Charlie Macdonell

Personal information
- Full name: Charles Michael Macdonell
- Born: 23 February 1995 (age 31) Basingstoke, Hampshire, England
- Height: 5 ft 10 in (1.78 m)
- Batting: Right-handed
- Bowling: Right-arm off break
- Role: Batting all-rounder

Domestic team information
- 2014–2015: Buckinghamshire
- 2015–2018: Durham MCCU
- 2016–2017: Derbyshire (squad no. 3)
- First-class debut: 2 April 2015 Durham MCCU v Somerset
- List A debut: 15 July 2016 Derbyshire v Sri Lanka A

Career statistics
| Competition | FC | LA |
| Matches | 7 | 2 |
| Runs scored | 347 | 19 |
| Batting average | 49.57 | 19.00 |
| 100s/50s | 0/2 | 0/0 |
| Top score | 91 | 19 |
| Balls bowled | 492 | – |
| Wickets | 2 | – |
| Bowling average | 170.50 | – |
| 5 wickets in innings | 0 | – |
| 10 wickets in match | 0 | n/a |
| Best bowling | 2/57 | – |
| Catches/stumpings | 1/– | 0/– |
- Source: ESPNcricinfo, 4 April 2018

= Charlie Macdonell =

English cricketer (born 1995)

Charles Michael Macdonell (Note: Some sources, including Cricinfo, list his surname with the variant capitalisation "MacDonell".) (born 23 February 1995) is an English cricketer who has played for Durham MCCU and Derbyshire. Primarily a right-handed batsman, he also bowls right arm off spin.

== Education ==
He was educated at Wellingborough School and studied psychology at Durham University.
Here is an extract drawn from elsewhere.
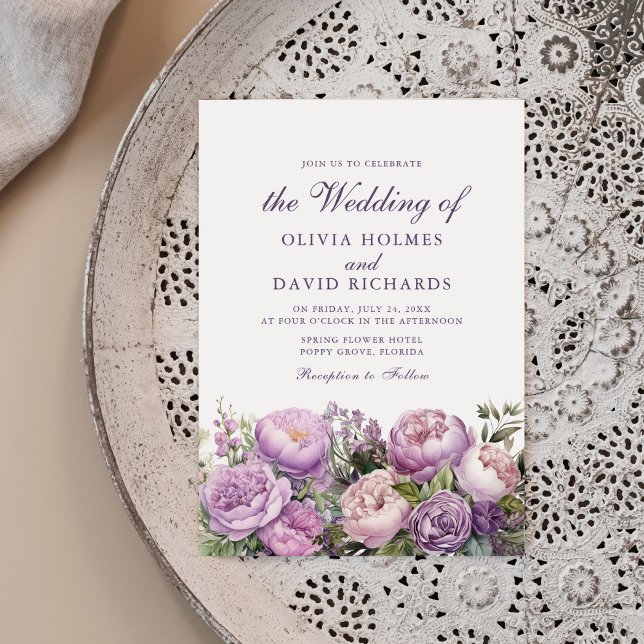 Convites Noivas de Lilás Boho Peônias (Boho Lilac Peonies Wedding Invitation on a beautiful neutral boho plate.)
In 2014 he attended the Darren Lehmann Cricket Academy in Adelaide, Australia.

== Career ==
Macdonell played minor counties cricket for Buckinghamshire, making his debut in 2014. Whilst playing for Durham MCCU, he scored a record number of runs for them against first-class opposition, including 146 against Warwickshire at Edgbaston in 2015 and 109 vs Derbyshire, 91 vs Gloucestershire and 81 vs Durham, all in 2016. He was released from his contract with Derbyshire in order to pursue other career opportunities in March 2018.